▸ **Exercise prompt**:
Go through the material below and tally every line with the string "Shirt". Reply with the number only.

▸ **Data extract**:
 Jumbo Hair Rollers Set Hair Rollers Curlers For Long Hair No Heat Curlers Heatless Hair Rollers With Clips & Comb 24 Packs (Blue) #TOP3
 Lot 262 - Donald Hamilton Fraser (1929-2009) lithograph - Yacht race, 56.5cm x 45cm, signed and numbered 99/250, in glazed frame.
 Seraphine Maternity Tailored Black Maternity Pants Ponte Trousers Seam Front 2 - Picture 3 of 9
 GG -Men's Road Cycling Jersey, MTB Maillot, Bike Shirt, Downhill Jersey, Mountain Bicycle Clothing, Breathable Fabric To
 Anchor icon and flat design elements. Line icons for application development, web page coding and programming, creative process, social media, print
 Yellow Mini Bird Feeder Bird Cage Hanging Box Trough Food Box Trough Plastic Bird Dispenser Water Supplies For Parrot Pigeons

==

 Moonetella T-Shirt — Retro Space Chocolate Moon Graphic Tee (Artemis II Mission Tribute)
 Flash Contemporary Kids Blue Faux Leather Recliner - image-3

▸ **Problem solution**:
2